A great deal of market volatility in the first quarter can be attributed to investor concerns over the path of short-term interest rates and the likelihood of interest rates rising in 2015. Underpinning much of this concern is the increasing divergence between the Fed’s “threat” to raise rates and the easy money policies pursued by many foreign central banks.

In the U.S., commentators have expended a great deal of energy attempting to predict when the Federal Reserve will announce an increase in the federal funds rate. The Fed has been extremely patient in waiting for economic data to reach its targets prior to raising rates. Specifically, the Fed is examining U.S. labor and inflation data to reach levels consistent with the Fed’s mandates to promote maximum employment and price stability.

With respect to employment, the data is showing that the U.S. labor market has made significant strides. The unemployment rate now sits at 5.5%, down from a recession high of 10% in 2009. While the decline in the unemployment rate is clearly a positive indicator for the U.S. economy, the peripheral employment data is not as strong and this is one reason why the Fed has not raised rates yet. For example, the labor force participation rate (the number of workers and those actively looking for work as a percentage of the labor force) currently sits at an over 30 year low of 62.8% and the number of under-employed workers (e.g., including those workers who are working part-time for economic reasons but would prefer to work full-time or marginally attached to the labor market) is currently 12%.
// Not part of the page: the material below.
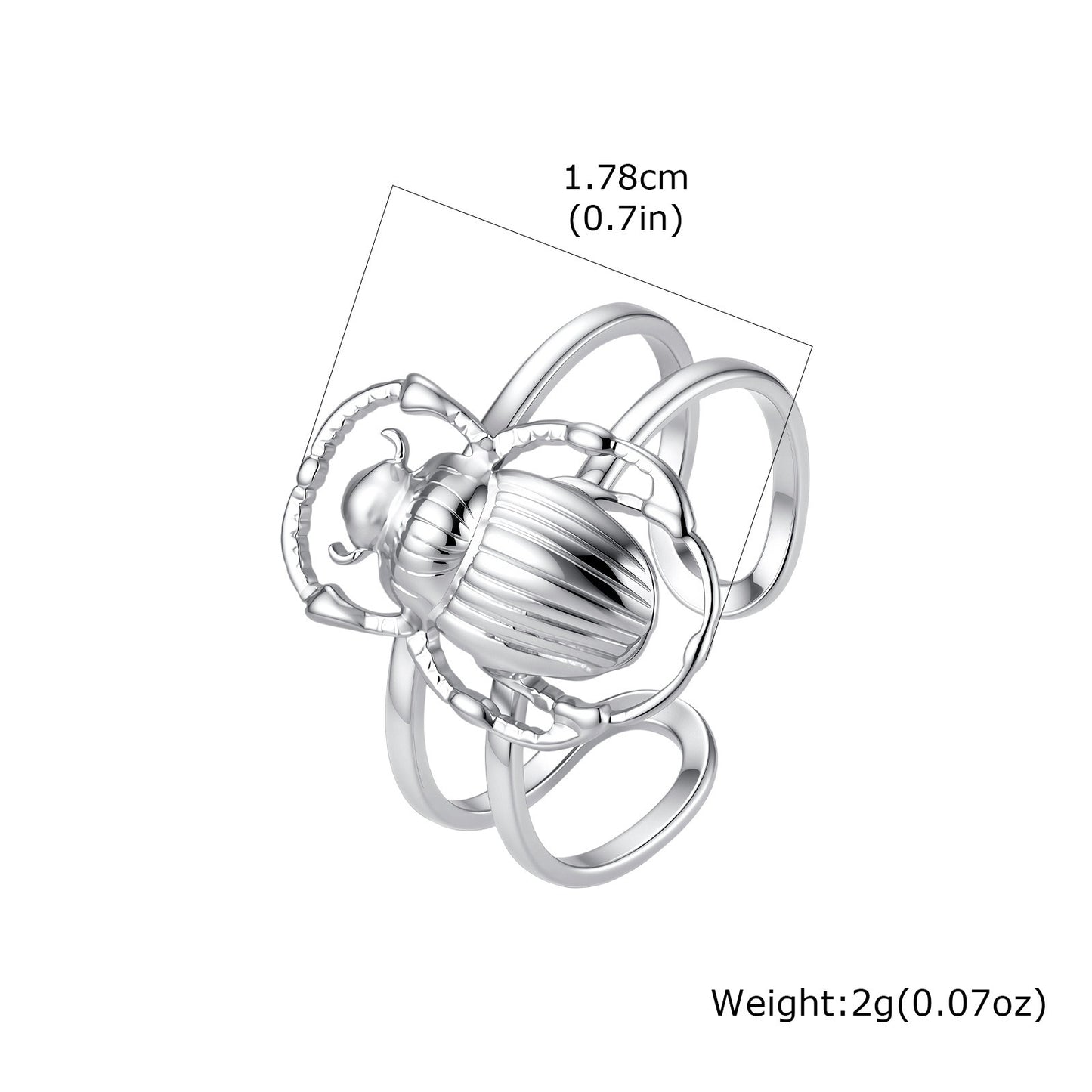 Kemston Scarab Beetle Gothic Stainless Steel Open Ring for Men RC-1016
On the inflation front, the U.S. is experiencing persistently low inflation. For example, the Consumer Price Index, the most well-known measure of inflation in the economy, currently reflects that consumer prices have remained flat over the past year and rose only 0.2% in February. Low energy prices have contributed to inflation data stagnating near zero, well below the Fed’s 2% annual target. Further evidence of low inflation is apparent in the lack of real wage growth in the economy, which is typically evident in a healthy inflationary environment. The Fed will continue to monitor several inflation data points to determine whether inflation is on the path to return to a normalized 2% rate prior to raising the Fed funds rate in 2015.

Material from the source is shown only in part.